TriaClick, the next release of TRIADB, with Clickhouse, project I am working on is based on similar encoding where among other things it solves (better than RDF/Property/Topic Maps) to a large extent the problems of data modeling, namespace, joins, missing data and output representation (tuples-table vs associations-graph). This is achieved by assigning numerical dimensions to data models, entities, attributes and instances of them (e.g. tuple PKs and values). In that case I discovered that Clickhouse partitioning system is a perfect fit, partition key and primary key matches a 3D dimensional key. I will use LowCardinality feature and let you know about its performance. I think this will also make TriaClick associative, semiotic, hypergraph technology to run faster.

I had a quick look at Kochetov Nikolai presentation, that helps, but I will also search for code examples to study various cases in testing repositories of the latest clickhouse distribution.
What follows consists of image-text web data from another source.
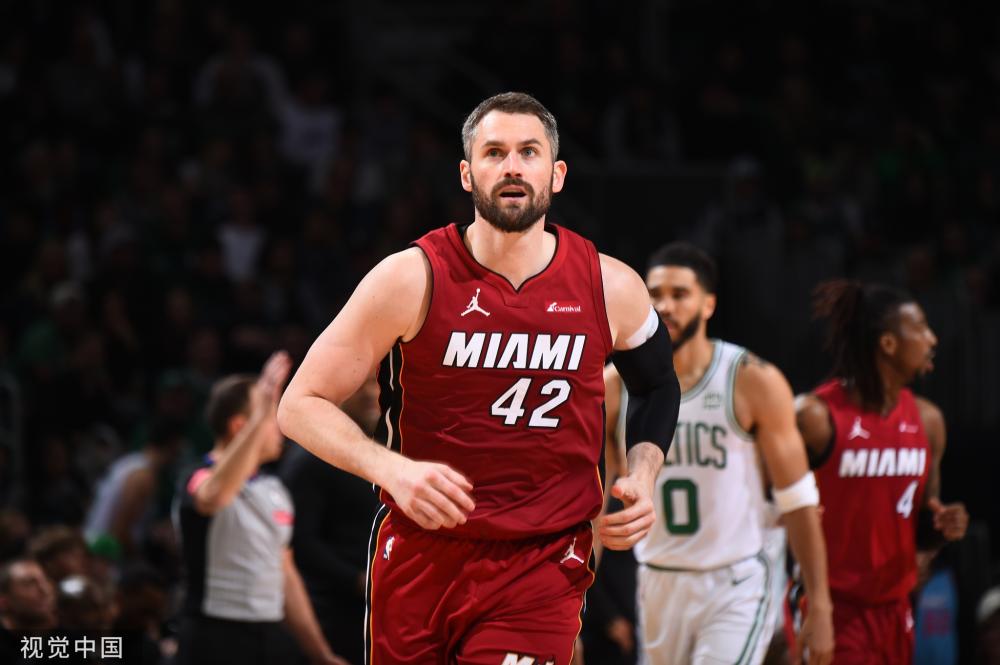 一名门将从 一名门将从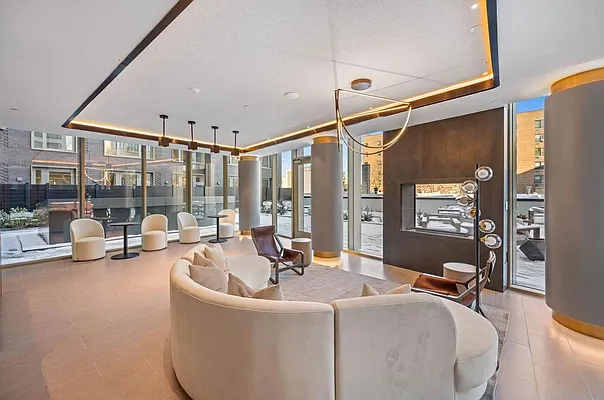 Rented by EXR | media 28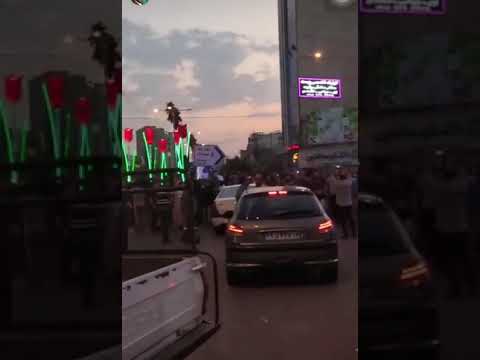 مردم خون گرم اهواز همدیگرو تشویق به خاموش کردن ماشین ها میکنند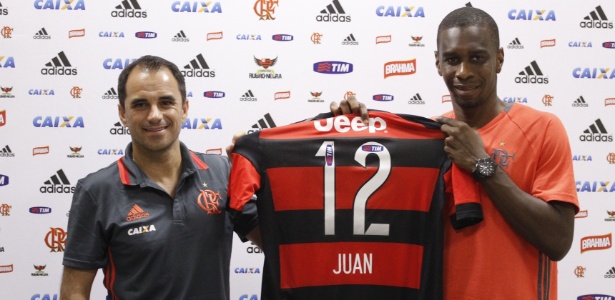O zagueiro Juan é apresentado e exibe a camisa 12 ao lado do diretor Rodrigo Caetano - Gilvan de Souza/ Flamengo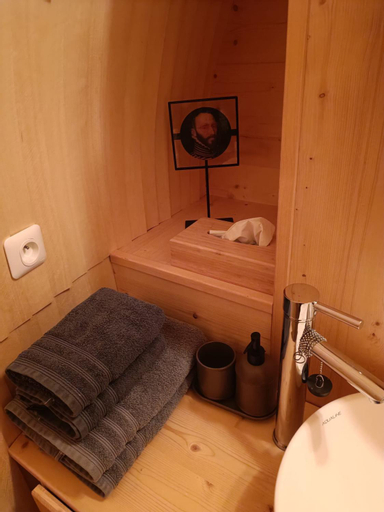 Bathroom 11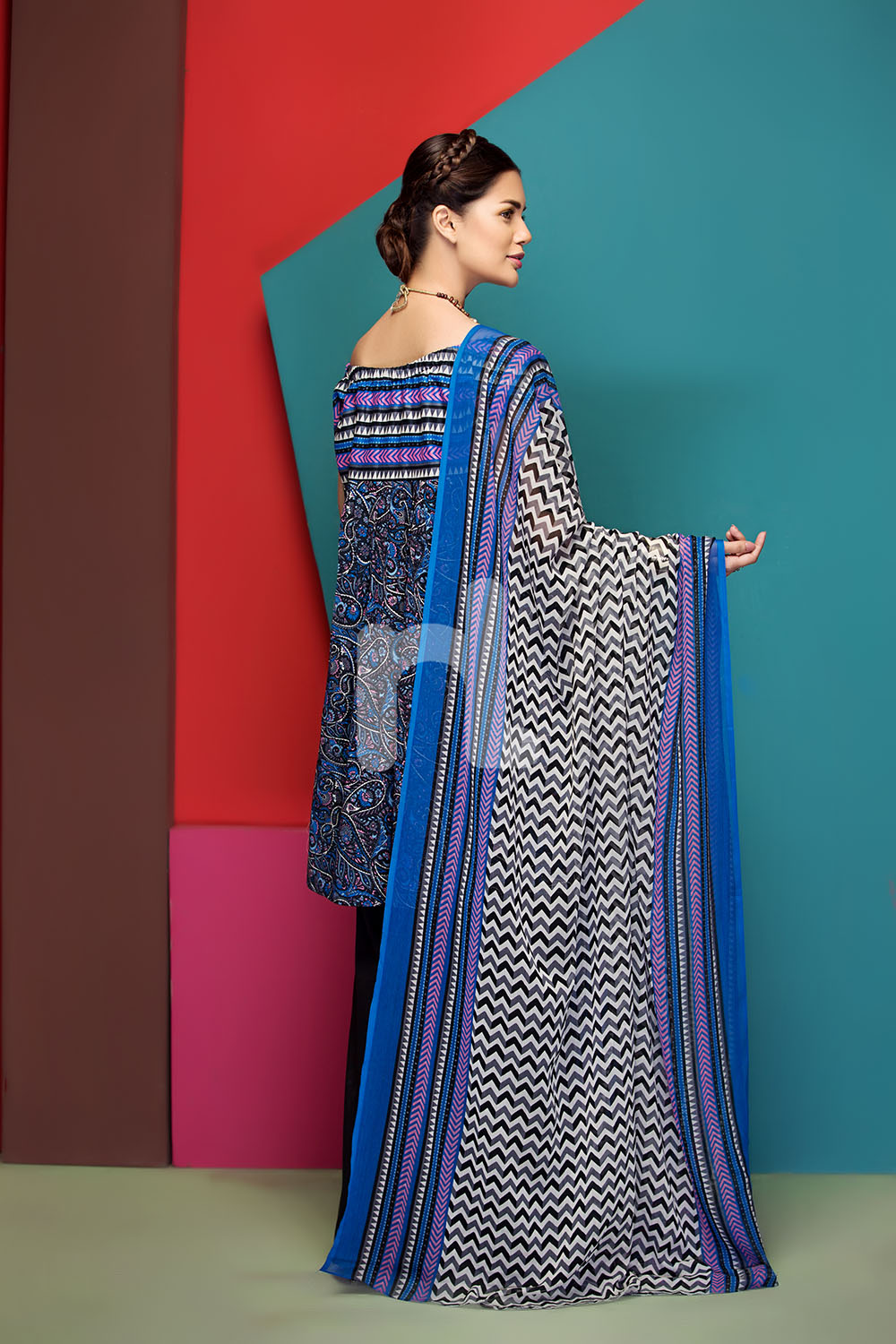 Vibrant and ethnic blue colored two piece unstitched lawn dress by Nishat Linen pret wear 2019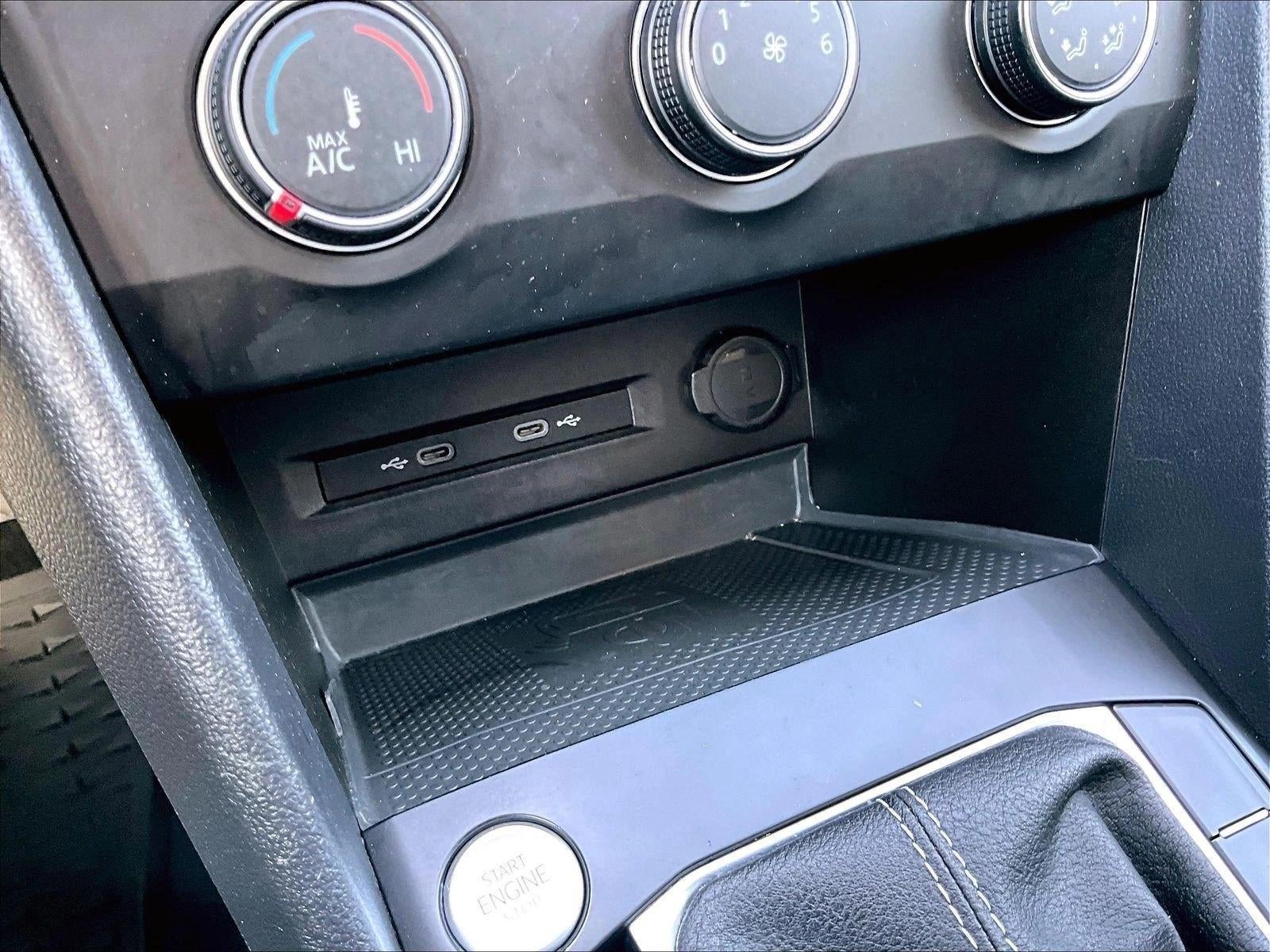 2022 Volkswagen Taos SE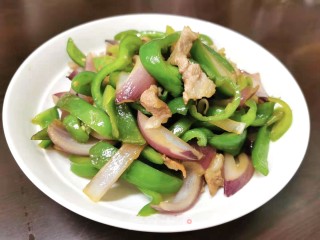 灯笼椒洋葱炒肉片步骤6 灯笼椒洋葱炒肉片步骤6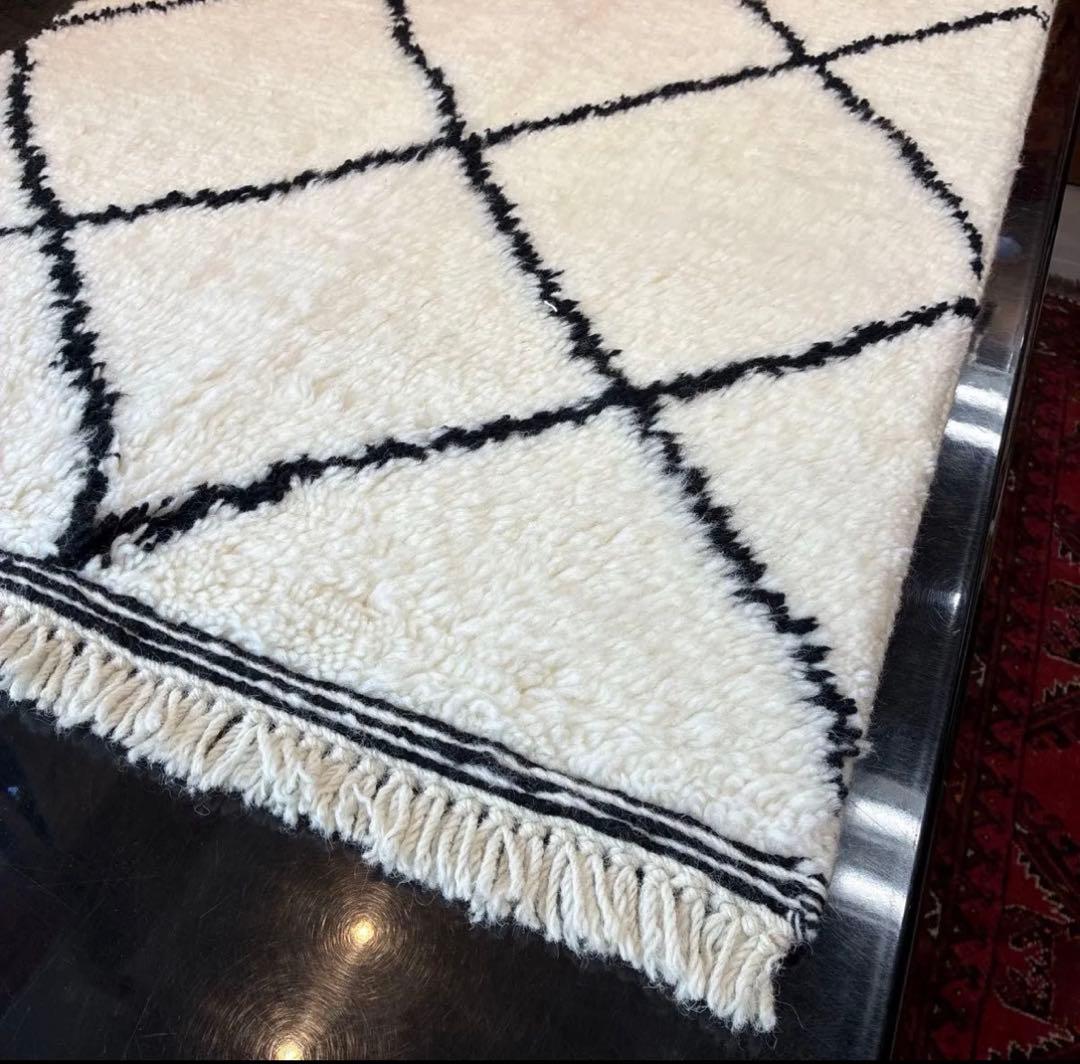 モロッコ ベニワレン ラグ 手織り絨毯 ダイヤ柄　70×120cm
Then I may continue our discussion here about LowCardinality.

PS: @alexey-milovidov speaking about the smart implementation of LowCardinality in the case of large volumes of data, I faced a similar problem with smart adhoc filtering by various ranges (user selections) of data. Generally speaking one is never interested in looking at all the data but only part of it, i.e. view of data. Therefore each time there is a new user request, i.e. update of the filters, TriaClick system reconstructs temporary engines (clickhouse MergeTree tables and Sets) under the hood for this view. So I think I can understand you well here.